One fine way to ensure that nobody will ever publish your book is to become vile. Not criminous, mind you, but vile.
Being, say, convicted scamster Bernard Madoff will not especially deter a major publisher from putting your novel into the stores — although the Son of Sam laws may prevent you from ever seeing a cent of the profits. Possibly you were aware that the late Saddam Hussein took time off from his career as an iron-heeled Iraqi despot to write romance novels. They were of course published, to glowing reviews. Being able to send squads of goons with AKs over to the publisher or reviewer’s house does have an impact; we can amuse ourselves imagining the pull quotes: “Georgette Heyer trembles in her grave at this dawning of a shining new light in the romance universe!”

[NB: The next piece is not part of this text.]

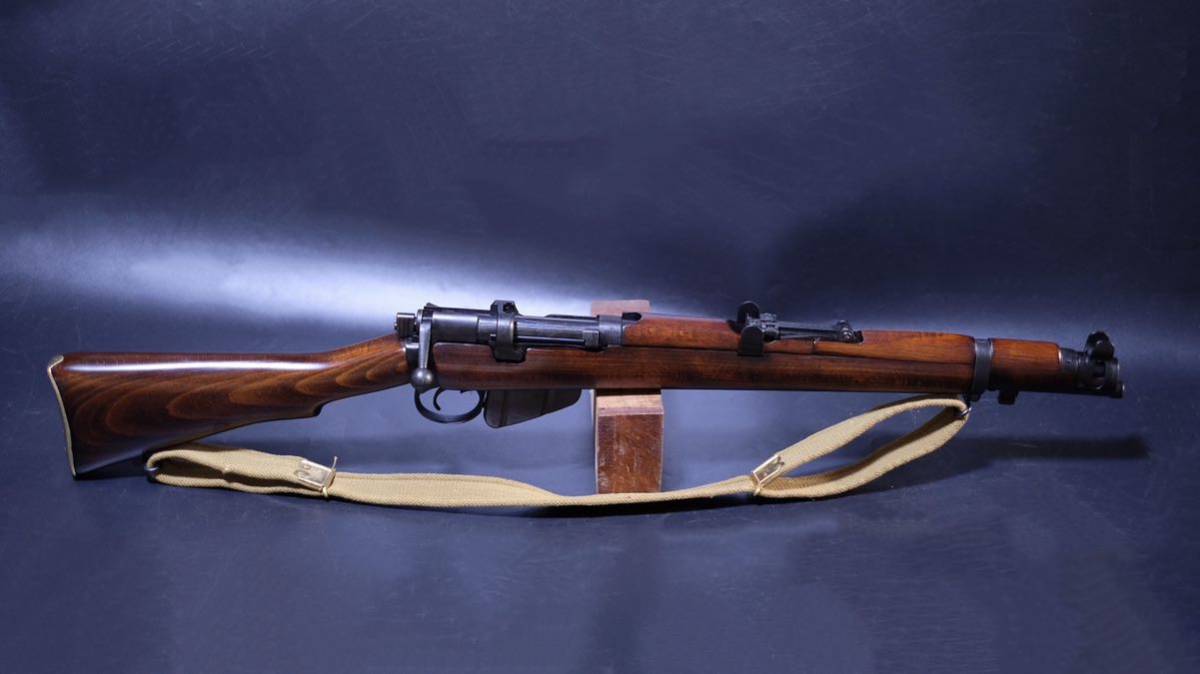 ＊Lee Enfield No.1 Mk III* 短縮カスタム（S&T）＊銃床 漆仕上げ＊実物真鍮製バットプレート換装＊初速95m/s調整済_画像3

No, to repel Western publishers you do have to be genuinely and unremittingly repellent. Luckily the Internet allows plenty of scope for this. A sure way to ensure that nobody will publish you (or for that matter hire you, or date you, or run you for political office) is to run a blog full of spleen, raving and bigotry. There are still some things that are beyond the pale. Publishers adore controversy, because controversy draws eyeballs and leads to sales. But they are highly risk-averse. They won’t associate with the truly vile; their lawyers won’t let them. Phillip Garrido‘s chances of publication are zero and falling.
Your novel may be mild as milk, full of bunnies with big eyes and pink clouds and gentle discussions about the Role of Art. But if your blog persona runs to neo-Nazi screeds, child molestation, or the overthrow of the US government by violence, no one will buy it. I promise.